Material provided -

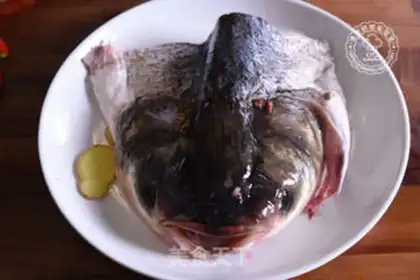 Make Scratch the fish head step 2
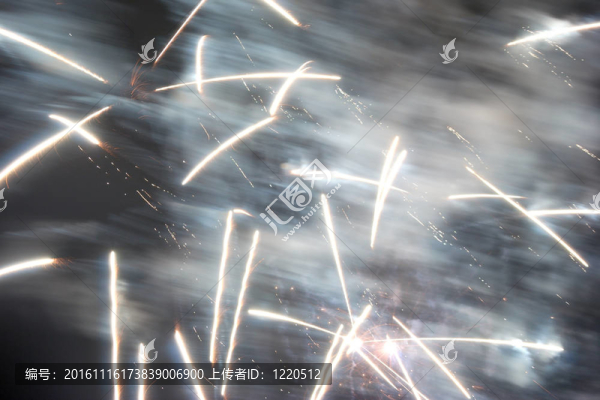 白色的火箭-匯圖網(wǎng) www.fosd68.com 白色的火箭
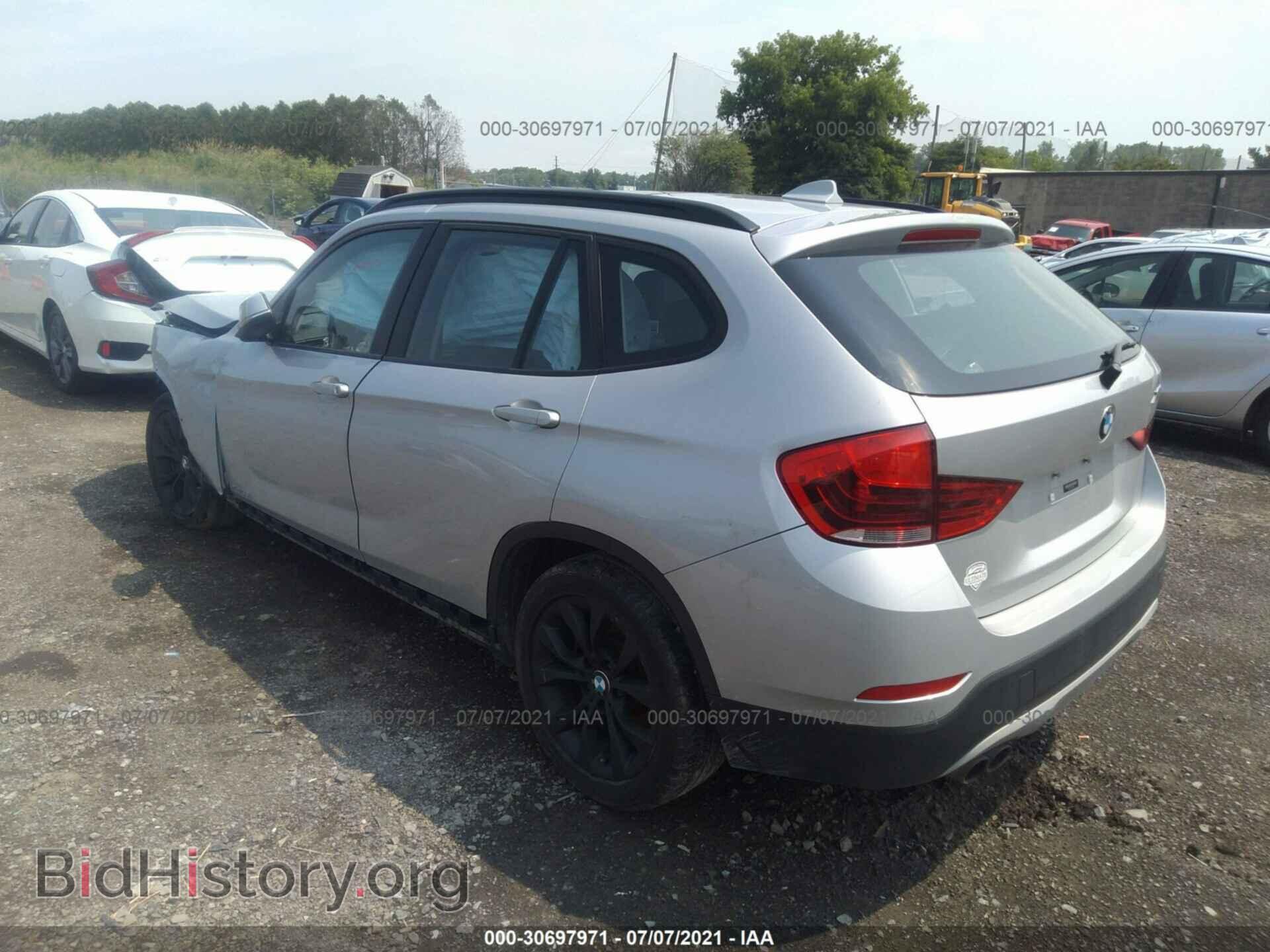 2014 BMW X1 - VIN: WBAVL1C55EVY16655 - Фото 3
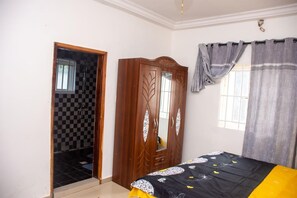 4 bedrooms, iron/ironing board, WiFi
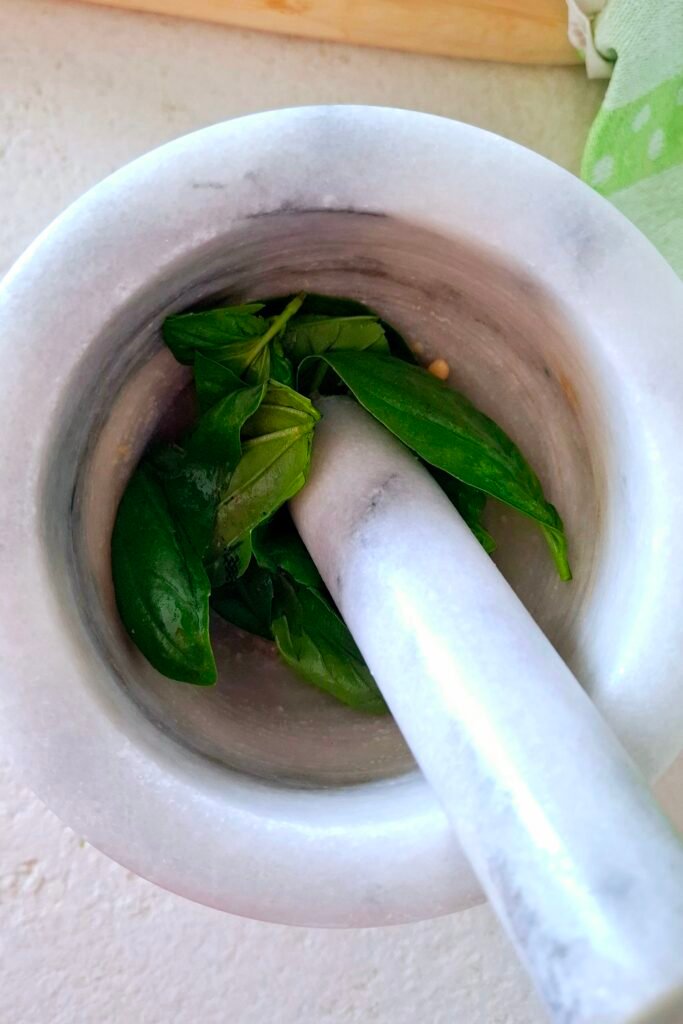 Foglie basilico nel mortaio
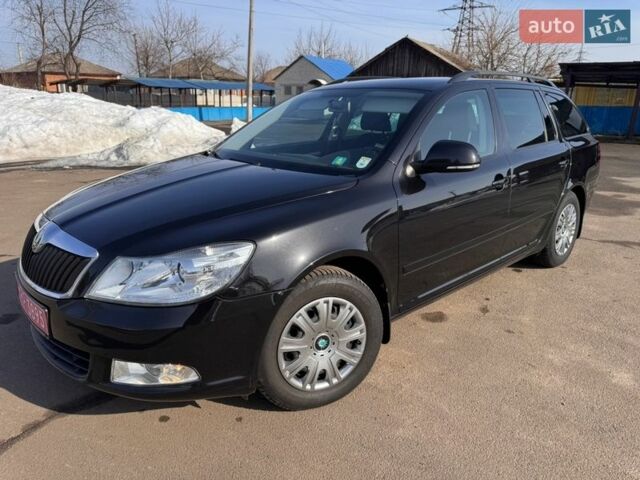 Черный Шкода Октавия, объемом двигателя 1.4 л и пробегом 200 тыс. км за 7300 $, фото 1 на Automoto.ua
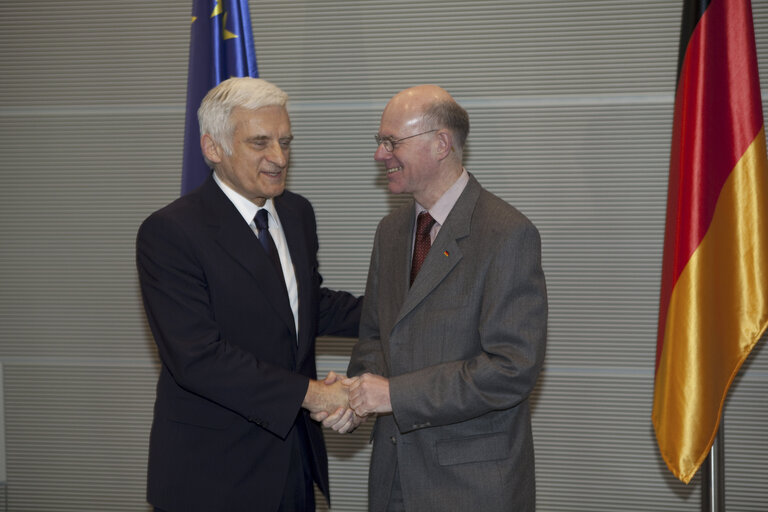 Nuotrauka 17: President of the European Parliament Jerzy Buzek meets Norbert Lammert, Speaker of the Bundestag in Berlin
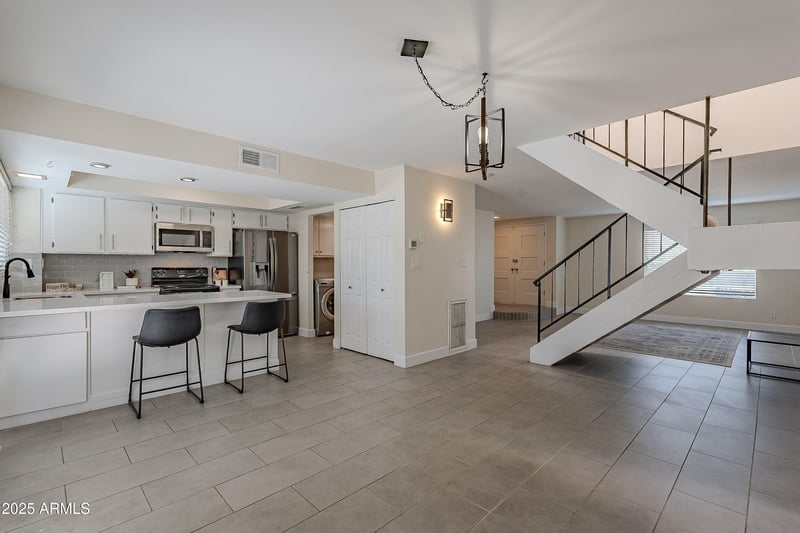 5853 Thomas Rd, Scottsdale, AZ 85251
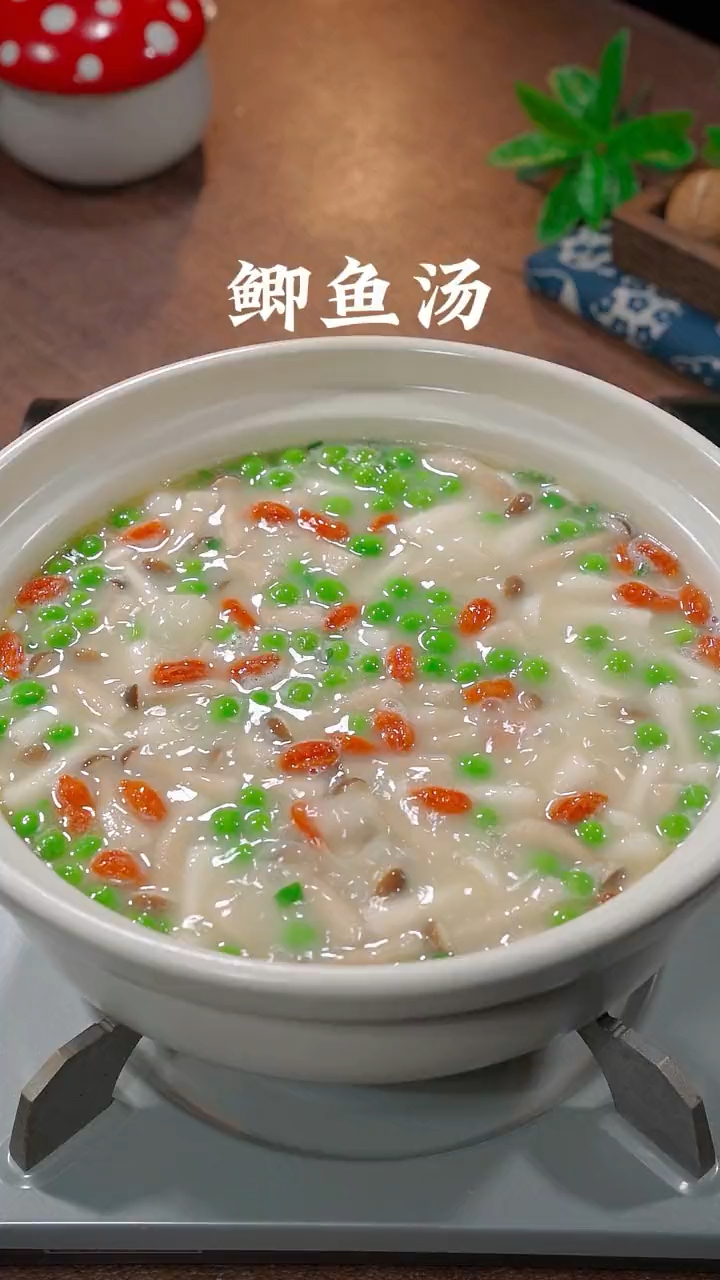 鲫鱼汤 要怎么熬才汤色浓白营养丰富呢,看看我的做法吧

Your goal - Go through the entries and retype each one exactly, skipping any image.

Task output -
 Make Scratch the fish head step 2
 白色的火箭-匯圖網(wǎng) www.fosd68.com 白色的火箭
 2014 BMW X1 - VIN: WBAVL1C55EVY16655 - Фото 3
 4 bedrooms, iron/ironing board, WiFi
 Foglie basilico nel mortaio
 Черный Шкода Октавия, объемом двигателя 1.4 л и пробегом 200 тыс. км за 7300 $, фото 1 на Automoto.ua
 Nuotrauka 17: President of the European Parliament Jerzy Buzek meets Norbert Lammert, Speaker of the Bundestag in Berlin
 5853 Thomas Rd, Scottsdale, AZ 85251
 鲫鱼汤 要怎么熬才汤色浓白营养丰富呢,看看我的做法吧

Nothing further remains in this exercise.